A CBDC is different from cryptocurrency (also known as cryptoassets). Cryptocurrencies are not issued by a central bank. These privately issued digital currencies include Bitcoin, Ether (Ethereum) and XRP.
The value of a cryptoasset can move up and down very quickly. They are a risky investment and anyone buying them should be prepared to lose all their money.
If they produced a UK central bank digital currency, that argue that would not happen. Their currency would be reliable and retain its value over time they say.
How might a UK central bank digital currency work?
They already produce digital currency for banks and some other financial institutions to use (these are known as reserves). But they could produce a digital currency that everyone could use.
If they issued a UK digital currency, it would be in denominations of pounds sterling. For example, £10 of a UK digital currency would always be worth the same as a £10 note.
We would be able to use it to pay for things digitally we are being told. For example, we could transfer an amount of it to make a payment to someone.
CBDC is sometimes thought of as equivalent to a digital banknote, although in some respects it may have as much in common with a bank deposit.
Any UK CBDC would work alongside – not replace – cash and bank deposits. They will continue to provide cash for as long as the public still want it they say.
Why is the Bank of England considering a CBDC?
They are considering a central bank digital currency (CBDC) because the way people are choosing to pay for things is changing.
Financial technology (fintech) firms have started to offer new forms of money and new ways to pay. People are using cash less. These changes mean new opportunities and risks that they argue need to be planned for.
They have always looked for new ways to improve our money and payment services they state. For example, they now use polymer notes because they are harder to counterfeit than paper ones and they last longer. And they are using the latest technology to rebuild the payment infrastructure that they offer to banks and other institutions.
It is now time to look further ahead they argue. They are examining the possibility of a CBDC for the UK (alongside our physical notes) so they can make sure we are ready for the future.
Will the Bank of England introduce a CBDC?
They say they are looking carefully at the case for a digital currency for the UK. But they haven’t decided yet whether to introduce one or not. They are looking at what it might mean if we did and how it could work in practice.
Together with HM Treasury (HMT) they intend set up a Central Bank Digital Currency Taskforce to oversee this work. They are also working closely with other public authorities.

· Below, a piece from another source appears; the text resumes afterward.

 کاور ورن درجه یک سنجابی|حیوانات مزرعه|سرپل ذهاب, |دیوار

In June 2021, they set out their thinking on the possible opportunities and risks it could bring in their discussion paper on new forms of digital money.
In November 2021, together with HMT, they set out the next steps for a UK CBDC.

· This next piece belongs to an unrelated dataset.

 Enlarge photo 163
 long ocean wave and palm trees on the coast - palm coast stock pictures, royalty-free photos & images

These next steps include a consultation in 2022 to help them assess the case for a UK CBDC. It will also look at the merits of doing more work to develop an operational and technology model for one.
Who is the Bank of England engaging with on CBDC?

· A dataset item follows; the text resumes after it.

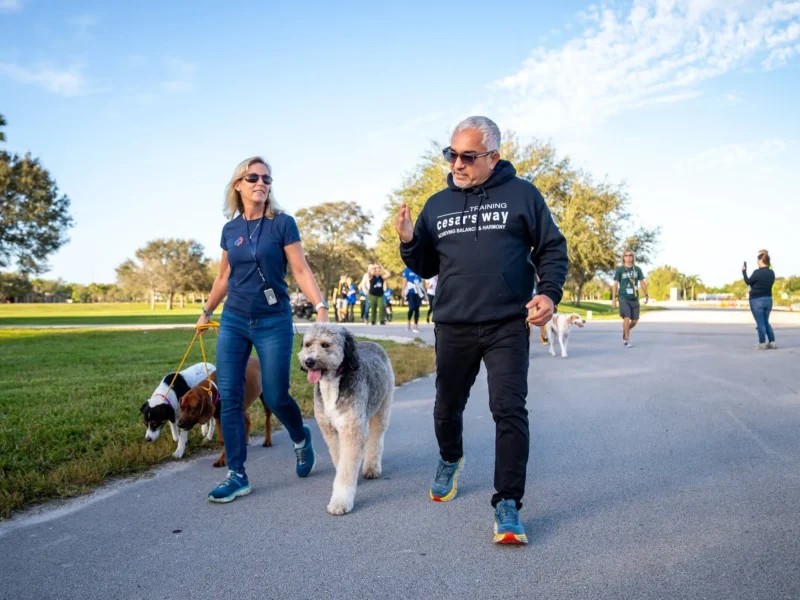 Always Faithful Dog & Puppy Training South-Coast MA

They are speaking to businesses and communities to find out what impact a CBDC would have on them. Have you been contacted?
They are also working with international partners and organisations. For example they are working with the Bank for International Settlements. And they are working with finance ministries and central banks in other countries.
In March 2020, they published a discussion paper on CBDC. This outlined one possible approach to the design of a central bank digital currency. They sought feedback from the payments industry, academics, and other interested parties.
We can read a summary of the responses to the 2020 discussion paper. They published the responses in July 2021 and produced a webinar based on them.
All of this under our noses but the vast majority are partially or totally oblivious. Why is that?
Our rights and freedoms are being removed and only we can prevent it.